To the best of our knowledge, only one other study[11] has analyzed the AP value within the context of the extension of hepatic involvement; the authors also observed that, even when hepatic involvement was above 50%, the mean AP value can remain normal. We failed to demonstrate any relationship between the AP level and Ki67 level or grade. A recent paper focusing on G2 NET(13), including 48% of cases with liver metastases, performed a subgroup analysis based on Ki67 (cut-off of 10% between subgroups); the only difference between these 2 subgroups were AP and chromogranin A levels.
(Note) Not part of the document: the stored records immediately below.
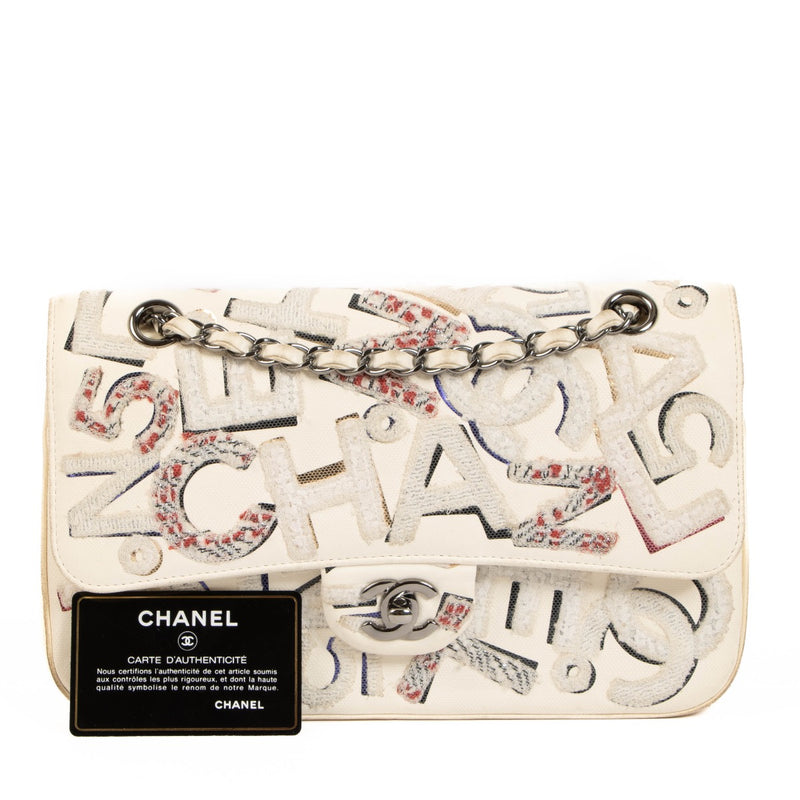 shop 100% authentic second hand Chanel White Graffiti 2014 Classic Flap Bag on Labellov.com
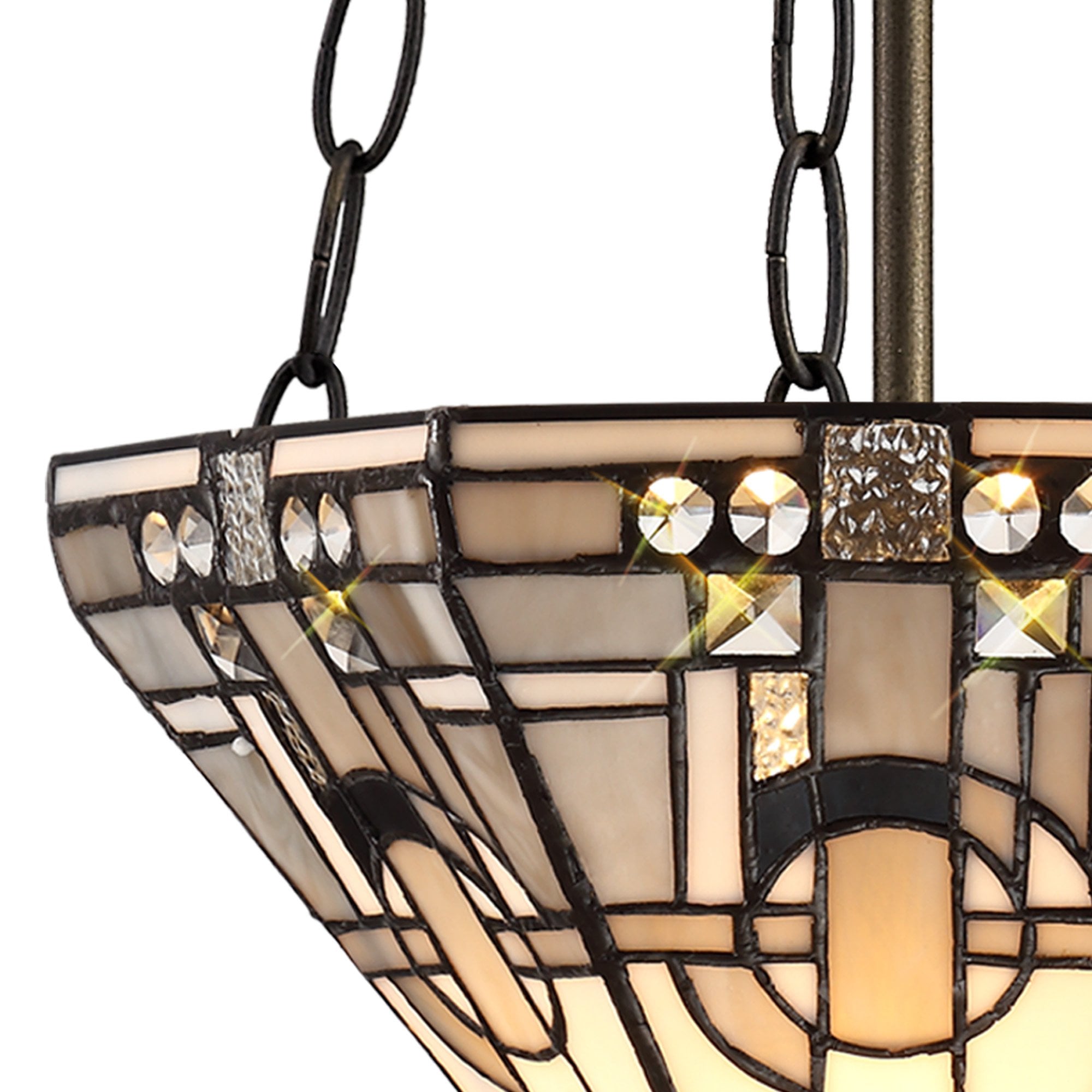 NLK00199 Azure 2 Light Up Lighter Pendant With 30cm Tiffany Shade White/Grey/Black/Clear Crystal/Aged Antique Brass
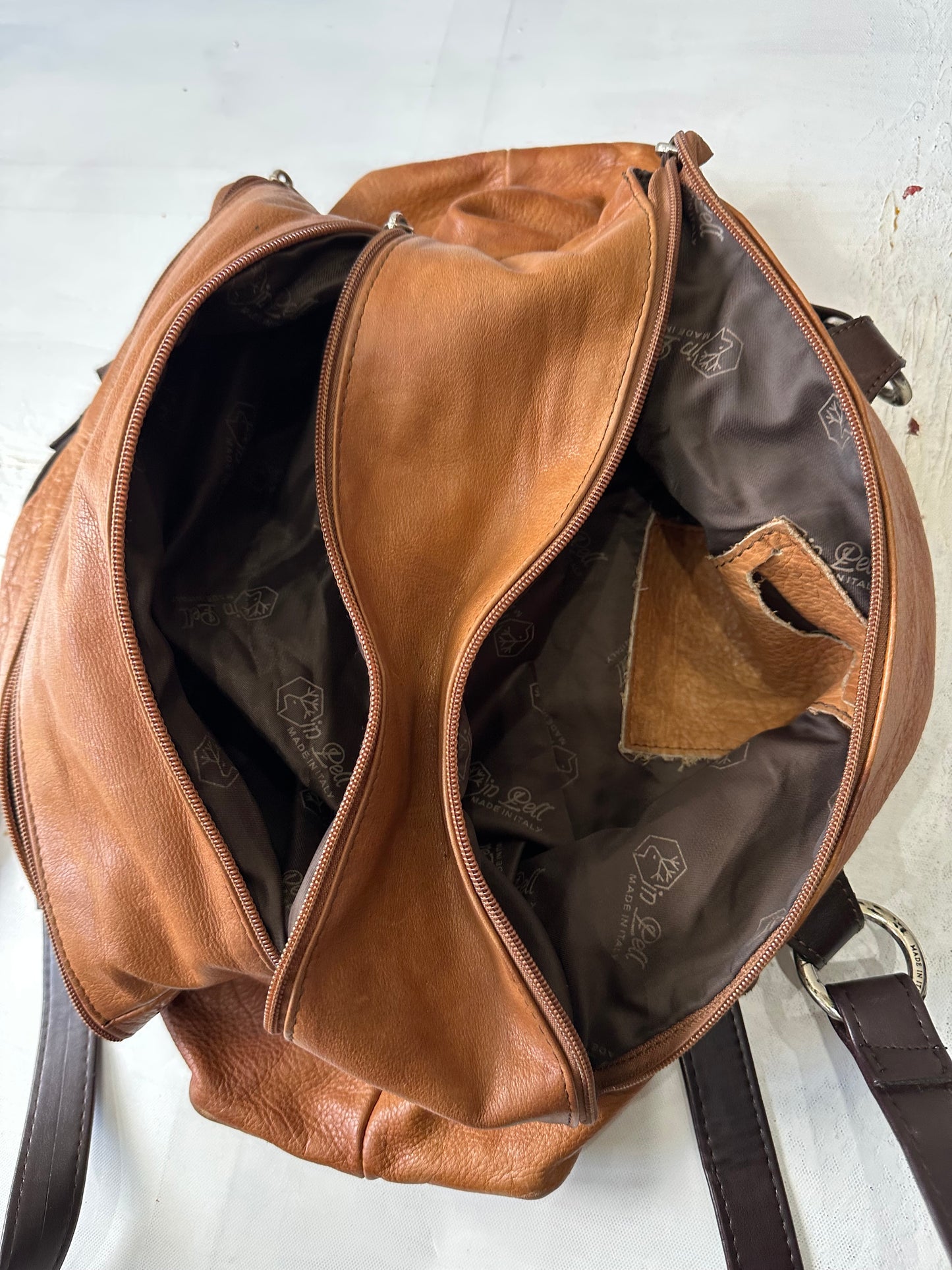 AUTUMN EDIT | brown faux leather shoulder bag with strap and stud detailing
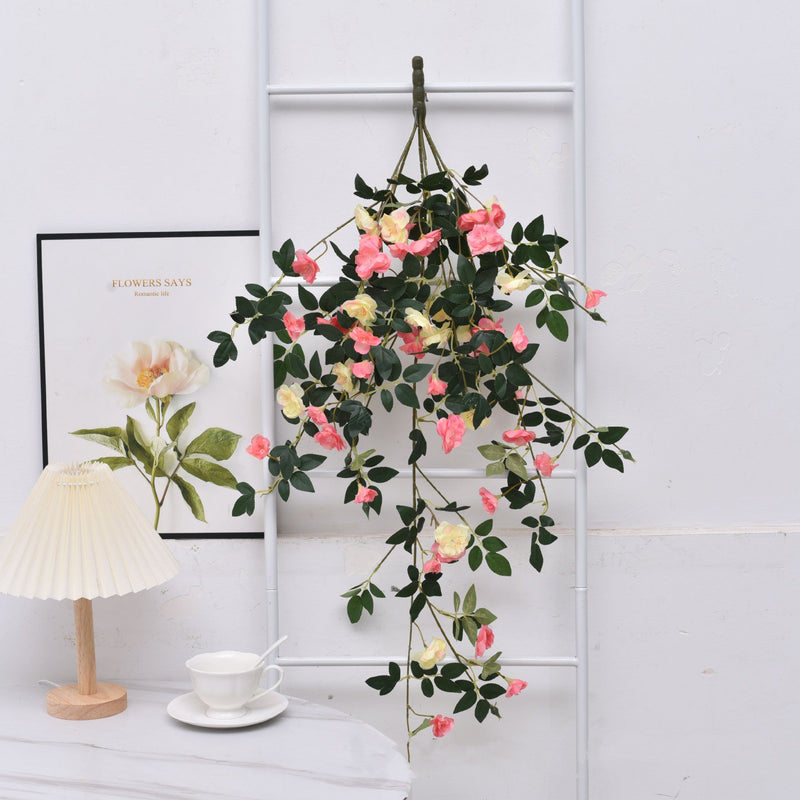35 Inch Artificial Hanging Begonia Bushy Rattan Plant for Home Garden Wedding Arch Decorations Bulk
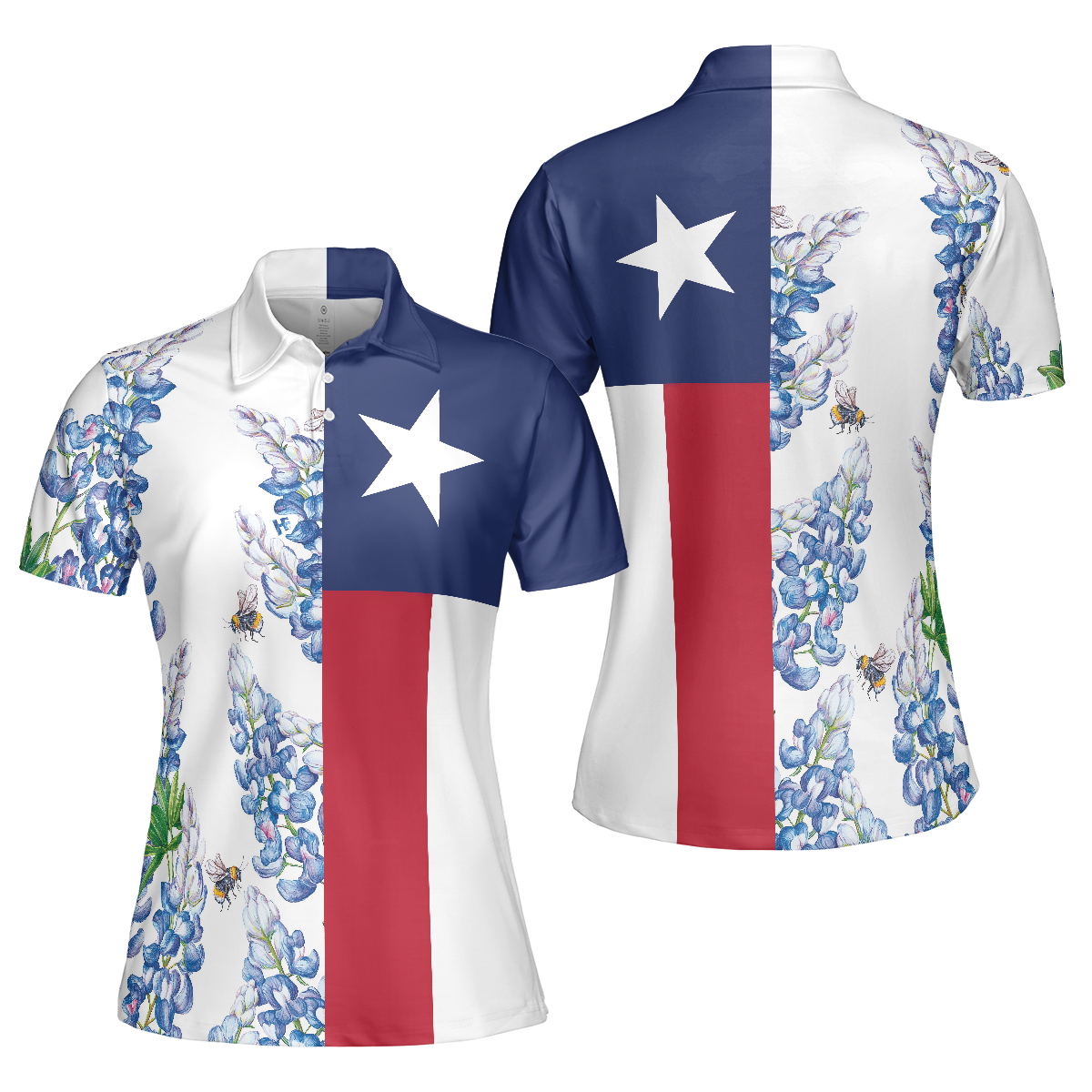 Texas Flag Bluebonnets Polo Shirt For Woman Short Sleeve Women Polo Shirt - Hyperfavor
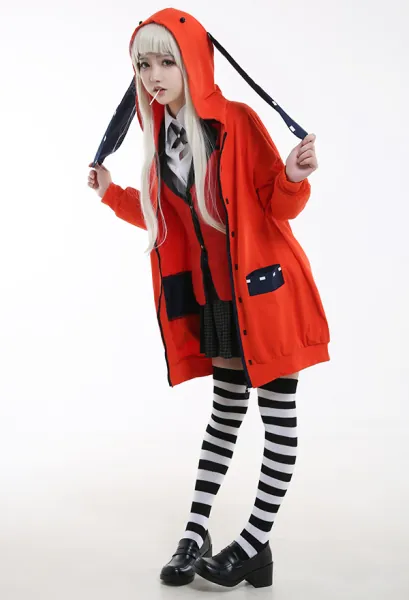 Kakegurui - Compulsive Gambler Runa Yomozuki Hoodie Coat Cosplay Costume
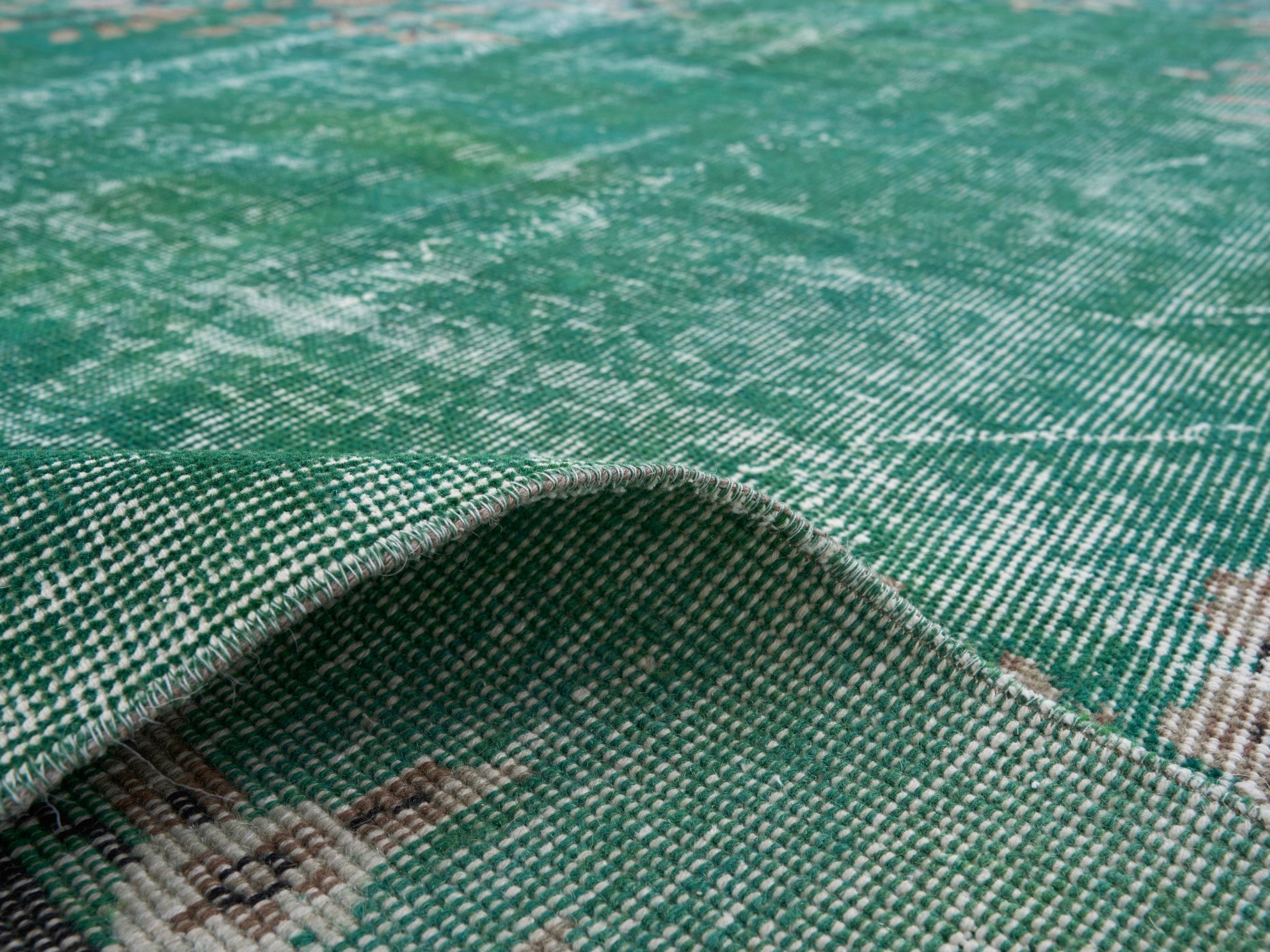 Turkish Isparta area rug in teal and muted pink, view 9 of 10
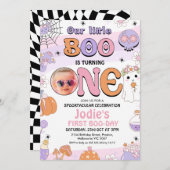Invitation Rétro Purple Halloween Little Boo 1er Anniversaire (Devant / Derrière)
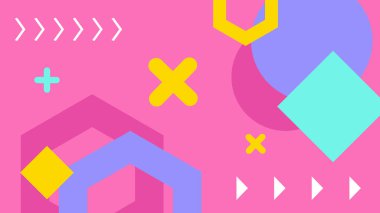 Modern Şekilli Renkli Soyut Geometrik Arkaplan. Canlı Renklerle Geometrik Şekilleri Gösteren Canlı Soyut Arkaplan. Yaratıcı Projeler, Tasarımlar ve Web Kullanımı için ideal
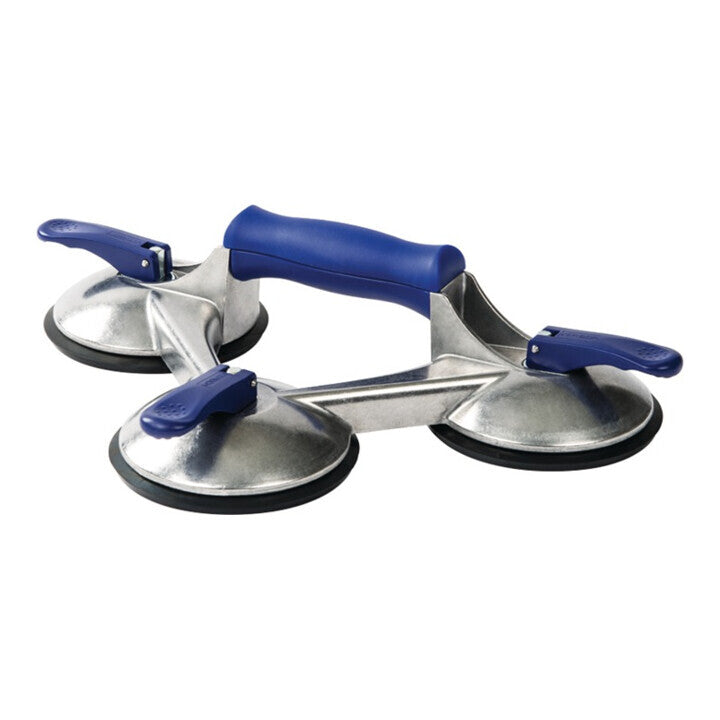 VERIBOR Saugheber Greifer Glasheber 100kg 3 Köpfe blau Alu Kopf Ø 120mm - 4010122603016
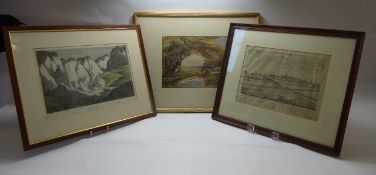 Miscellaneous Framed and Glazed Pictures, including a black and white etching of the South West of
In contrast, all papers evaluating AP levels agree that the AP level is of prognostic value. Clancy et al[11] reported that the AP value was associated with OS. In a series of 109 patients, Onesti et al[12] performed univariate analysis of the prognostic factors for OS and found that the AP level, grade and tumor burden were associated with the prognosis. In multivariate analysis, only the AP level had prognostic value. In a series of 40 grade 2 NET patients by Hauck et al[13], those with a Ki67 value between 3% and 9% had a lower AP level and a better prognosis than those with a higher Ki67 value (10–20%).

Thus, the AP value in liver metastases from NET can reflect the aggressiveness of the disease (speed of metastatic growth) more than the burden and can explain why there is likely a relationship between the serum AP level and outcome.

In conclusion, in this retrospective analysis of patients with liver metastases from grade 1–2 NETs and without bone metastases, the AP level was only elevated in one-third of the patients, and it was not related with the tumor burden (number and volume of metastases). In contrast, by multivariate analysis, the AP level and grade were associated with PFS. These findings must be confirmed in a large prospective series, and the AP level must be considered as part of the initial work-up for metastatic NET.